Sunday, March 6, 2011

More on Developing a Vision

'Would you tell me, please, which way I ought to go from here?’
'That depends a good deal on where you want to get to,' said the Cat.

'I don't much care where —' said Alice.

'Then it doesn't matter which way you go,' said the Cat.
From Alice’s Adventures in Wonderland, Lewis Carroll

Delta Secondary School and the Delta School District are the process of developing a bold and inspiring vision of the future. Through our conversations, it is clear that our community cares deeply about where we are going as a school and as a school district. And while we are a school with a history of success and high degree of satisfaction among students, parents, and staff, we cannot be content to stand still in a time of rapid technological, societal, and global change. Our vision, our purpose, and our core values must provide our school community with a compass and passion for the meeting the challenge of educating students in the 21st century and preparing them for a purposeful and fulfilling life beyond.

I encourage you to read Aaron Akune’s post, Visioning: the Value of Process summarizing our February 7th Visioning Session at DSS. Our group will reconvene for the next step in the process on March 7th. The DE School Visioning Team will submit a summary to the District Visioning Committee during the week before Spring Break. This summary will be available for comment and feedback shortly thereafter.

In the lead up to tomorrow’s session, we have gathered perspectives on two questions which we believe will assist us in developing statements of noble purpose and a bold vision.

What are the qualities we want for our students at DSS to have developed by the time they graduate/complete school?  What must we be in order to foster these qualities in our students, now and in the future?

The responses to these questions have been summarized and are represented in the two word clusters:

What are the qualities we hope for our students to have developed by the time they graduate from DSS?
What must we be in order to foster these qualities in our students now,  and in the future?

As we move towards creating a bold vision at DSS, our conversations are touching on several themes.

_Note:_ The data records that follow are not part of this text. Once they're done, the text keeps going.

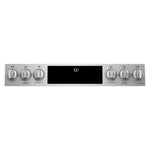 Café™ Stainless Steel 30" Slide-In Front Control Induction and Convection Double Oven Range (7.0 Cu.Ft) - CCHS950P2MS1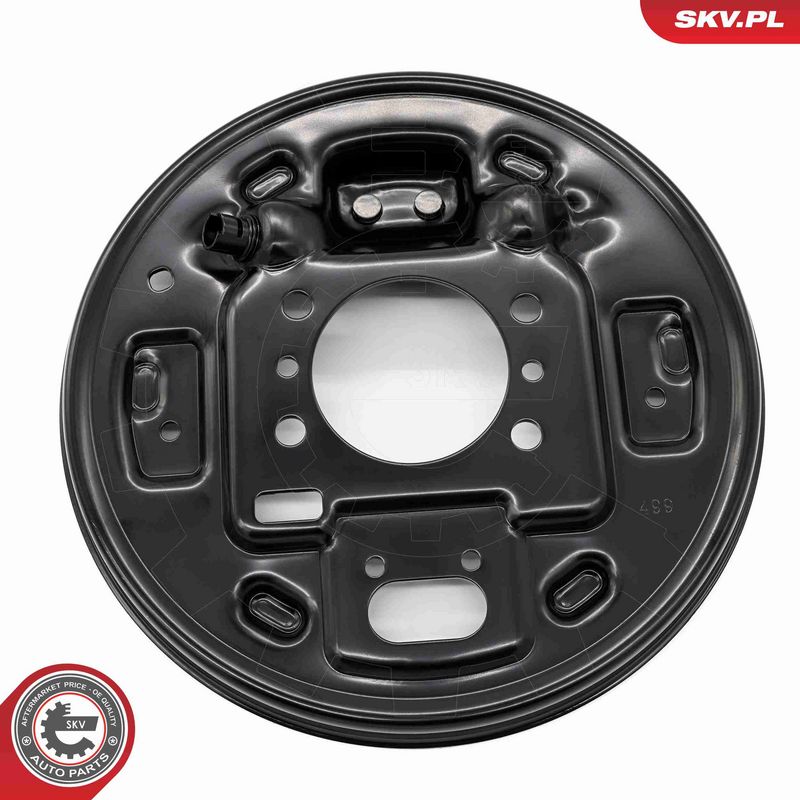 ESEN SKV 57SKV766 Splash Guard, brake disc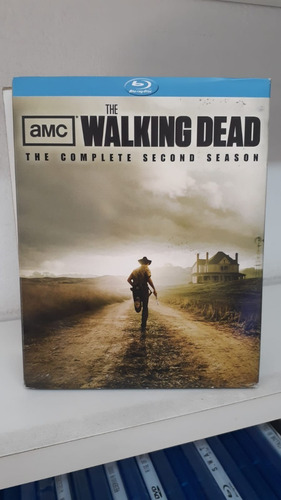 Blu-ray The Walking Dead Season 2 / Temporada 2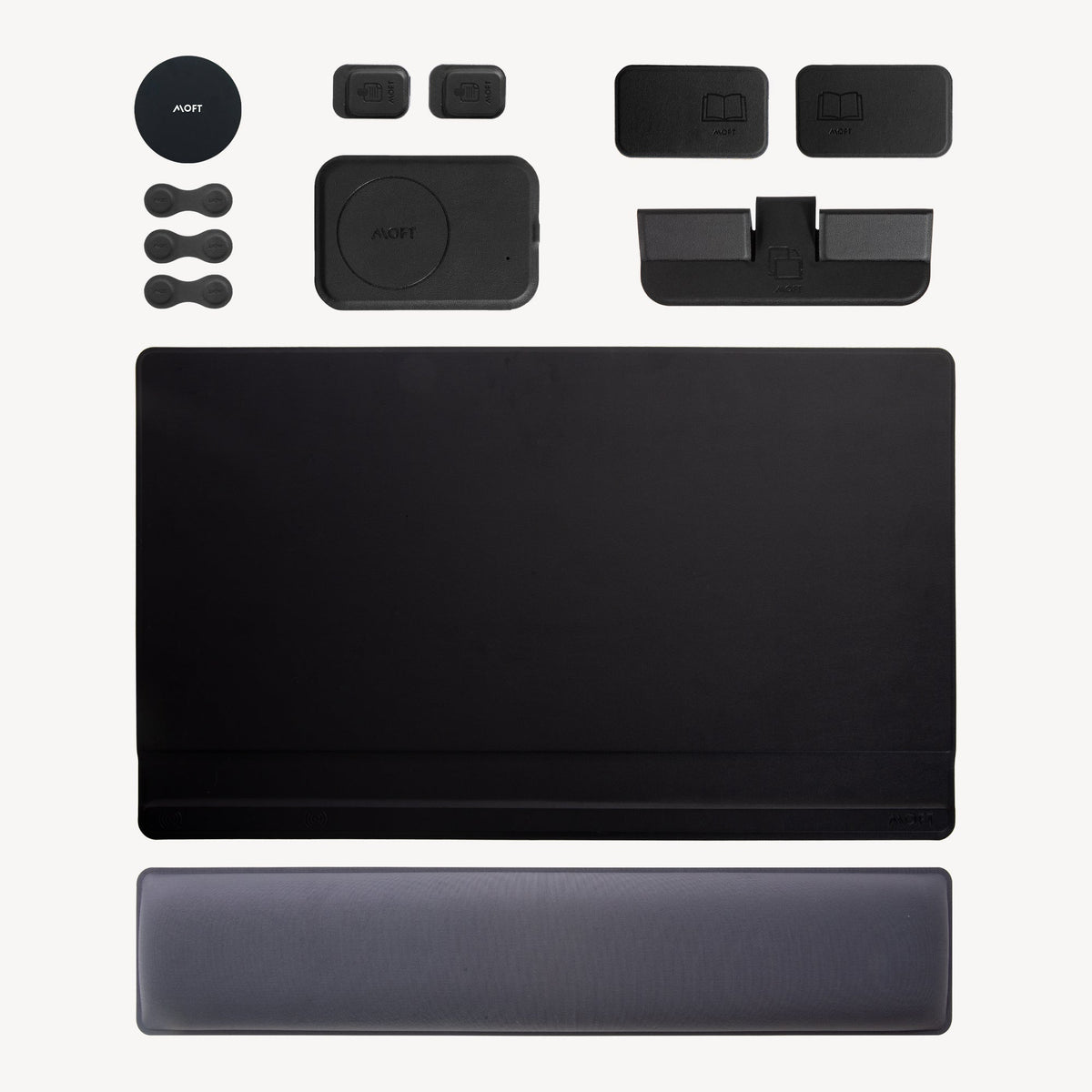 MOFT Smart Desk Mat NFC Özellikli Masaüstü Standı Seti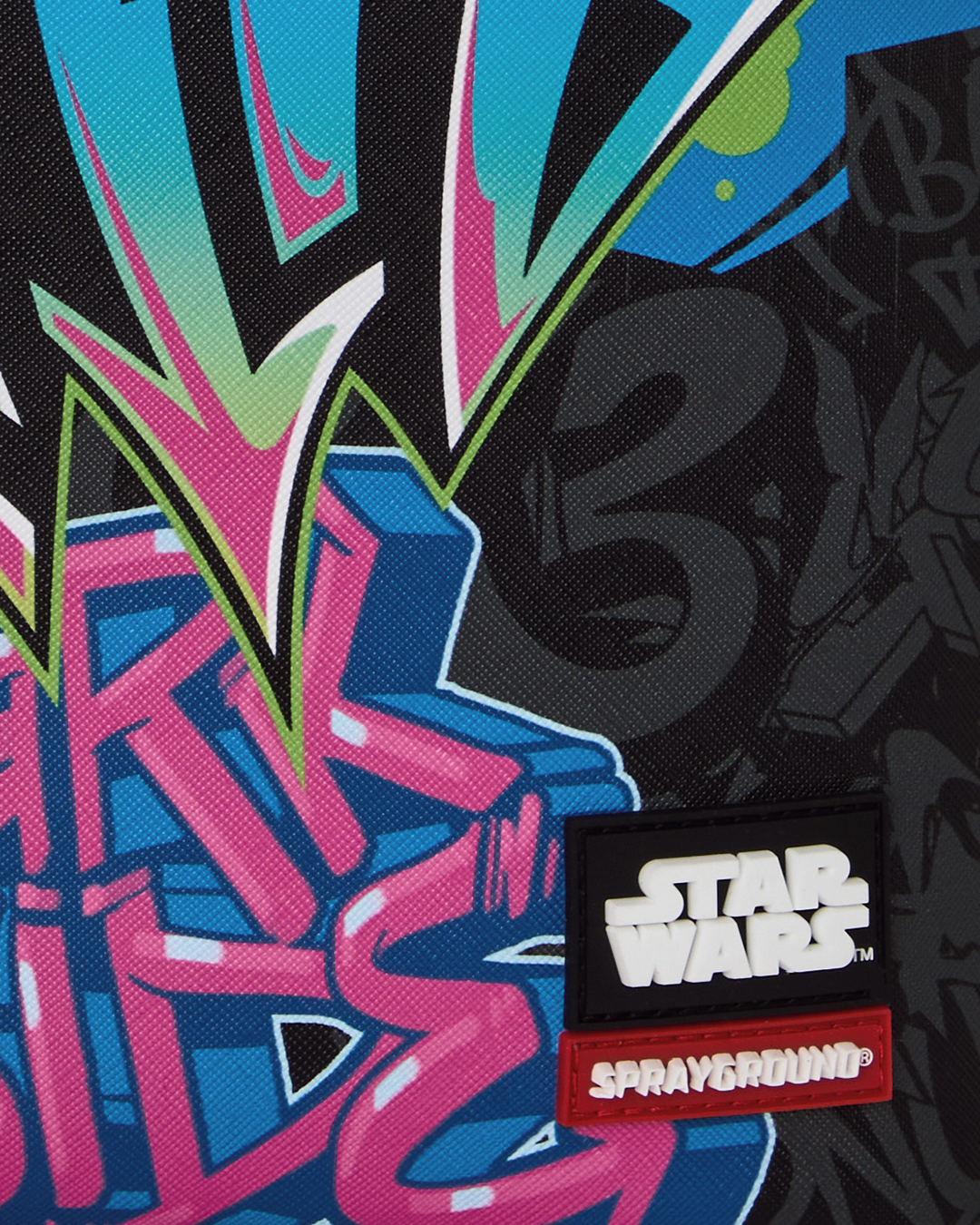 Limited Edition STAR WARS VADER GRAFF STACK BACKPACK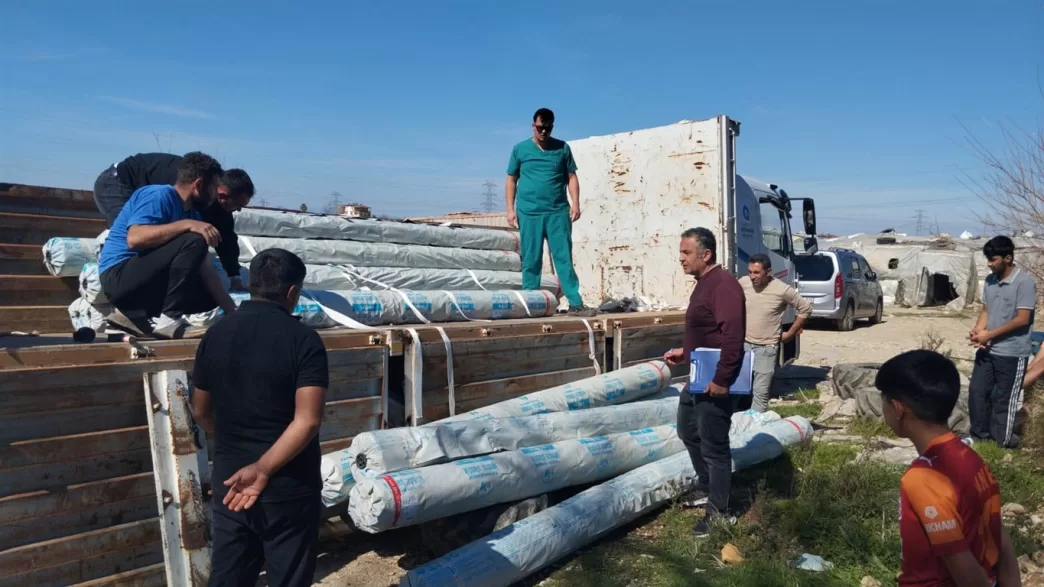 antalya büyükşehir naylon desteği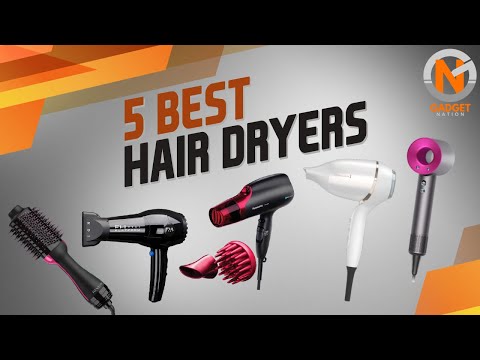 5 Best Hair Dryers 2021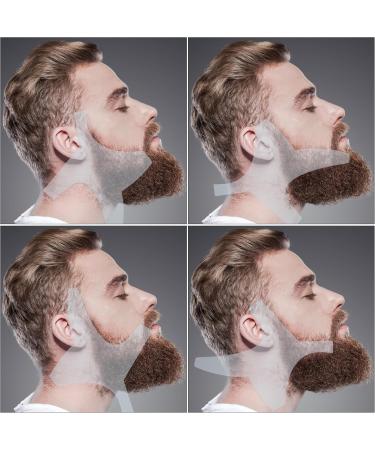 Buy Barte Template for Men - Ultimate Beard Forming Tool & Hairline Optimizer (Transparent) | Perfect Barber Line Up Instructions - Buy Online on GoSupps.com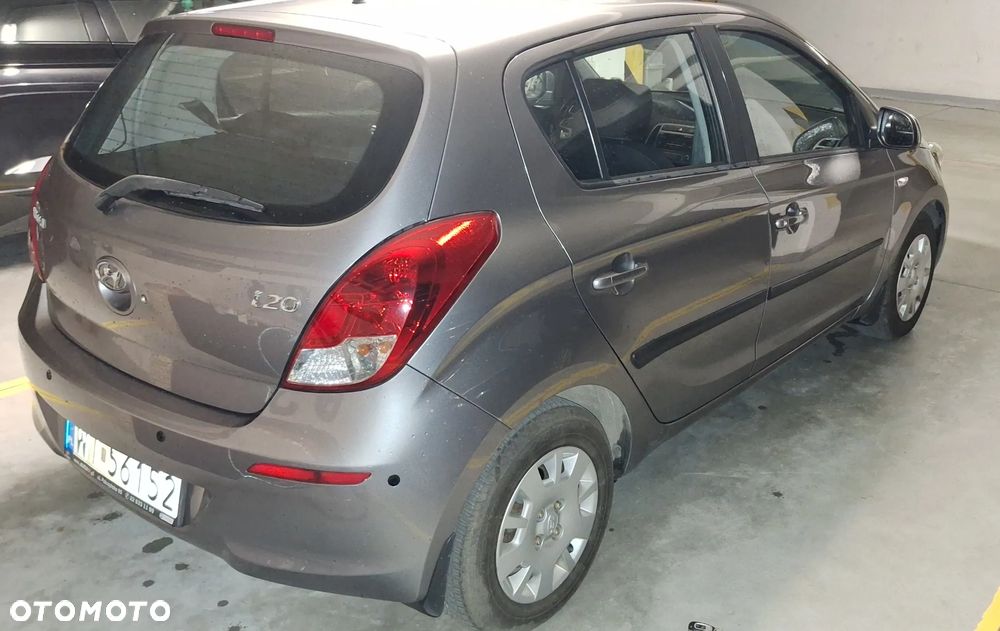 Hyundai I20 2012 photo 5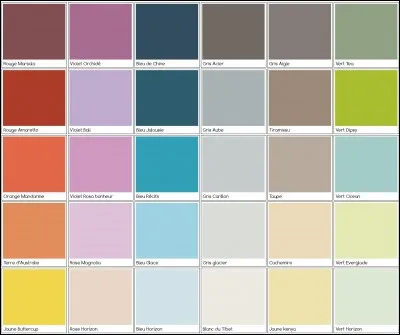 Quelle est ta couleur préférée ?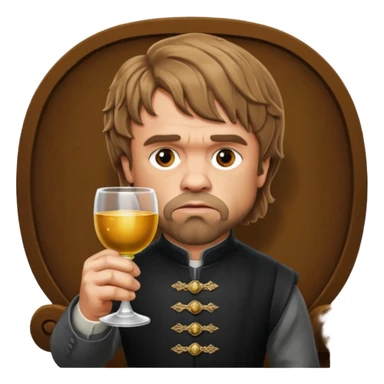 Tyrion lannister drinking sticker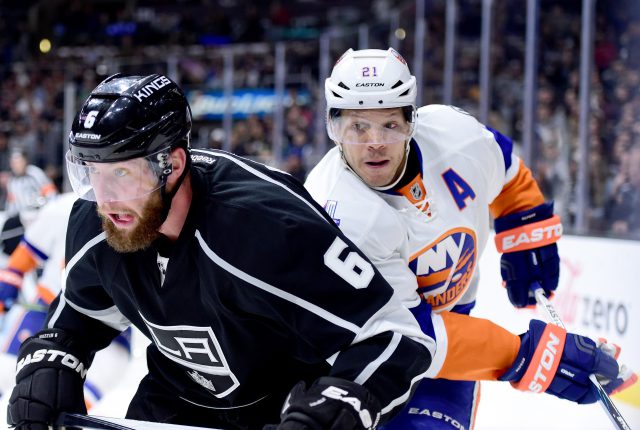 New York Islanders v Los Angeles Kings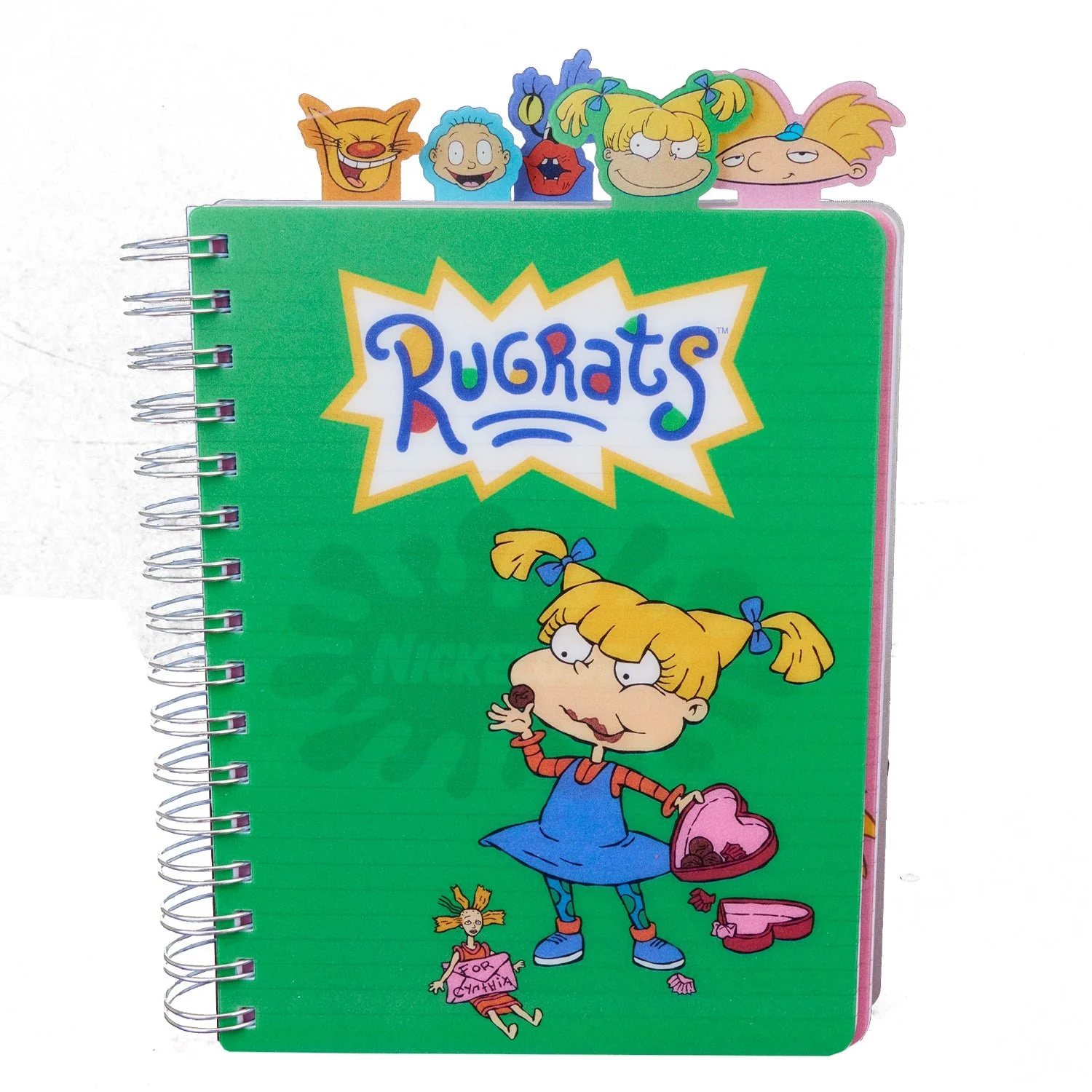 Loungefly x Nickelodeon Rewind Lenticular Tab Journal - Image 8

Change / Adaptability / Flexibility
It is acknowledged that there is need for change and that changes must be geared towards preparing students for the challenges of the future as well as providing them with an education that is both meaningful and engaging in the present. Hence the importance of developing a vision that is dynamic and adaptable to changing conditions and new understandings.  

Modeling and Mentoring
Another burgeoning theme is our role as mentors and models of learning. We must be models of life-long learning, collaboration, risk-taking, resilience and continuous improvement… in other words, how to live.  Seeing ourselves as “lead learners” is a departure from the view of the teacher as the holder and dispenser of knowledge at the front of the room. It is this facilitative approach with less emphasis on content knowledge (which can now be easily accessed through technology) and more emphasis on teaching the skills that will allow students to make sense of, and contribute to making the world a better place. Furthermore, there is a growing sense of urgency that this generation of teachers must be models for tomorrow's teachers who are in our classrooms today.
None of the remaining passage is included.